• What to produce
Word for word, return the lines from the start of the entries below through the line that has "Hôm nay, ivac".

• Provided data
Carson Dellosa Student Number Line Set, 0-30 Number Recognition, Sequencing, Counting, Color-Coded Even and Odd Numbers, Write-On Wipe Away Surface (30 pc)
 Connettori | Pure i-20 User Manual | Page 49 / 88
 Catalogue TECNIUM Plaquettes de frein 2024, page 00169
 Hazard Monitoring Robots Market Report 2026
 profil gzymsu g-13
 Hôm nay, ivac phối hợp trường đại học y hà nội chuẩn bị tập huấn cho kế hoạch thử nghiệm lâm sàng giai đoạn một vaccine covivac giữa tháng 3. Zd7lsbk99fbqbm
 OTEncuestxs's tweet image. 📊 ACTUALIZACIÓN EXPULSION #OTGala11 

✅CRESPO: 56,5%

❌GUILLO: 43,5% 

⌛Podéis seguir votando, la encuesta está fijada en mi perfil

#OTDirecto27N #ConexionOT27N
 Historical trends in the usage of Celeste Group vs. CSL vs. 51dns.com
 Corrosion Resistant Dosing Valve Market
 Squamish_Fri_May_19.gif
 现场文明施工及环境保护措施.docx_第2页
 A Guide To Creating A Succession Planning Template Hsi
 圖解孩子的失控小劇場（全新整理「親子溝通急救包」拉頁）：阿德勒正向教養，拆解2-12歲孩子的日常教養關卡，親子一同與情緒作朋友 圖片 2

• Result of this task
Carson Dellosa Student Number Line Set, 0-30 Number Recognition, Sequencing, Counting, Color-Coded Even and Odd Numbers, Write-On Wipe Away Surface (30 pc)
 Connettori | Pure i-20 User Manual | Page 49 / 88
 Catalogue TECNIUM Plaquettes de frein 2024, page 00169
 Hazard Monitoring Robots Market Report 2026
 profil gzymsu g-13
 Hôm nay, ivac phối hợp trường đại học y hà nội chuẩn bị tập huấn cho kế hoạch thử nghiệm lâm sàng giai đoạn một vaccine covivac giữa tháng 3. Zd7lsbk99fbqbm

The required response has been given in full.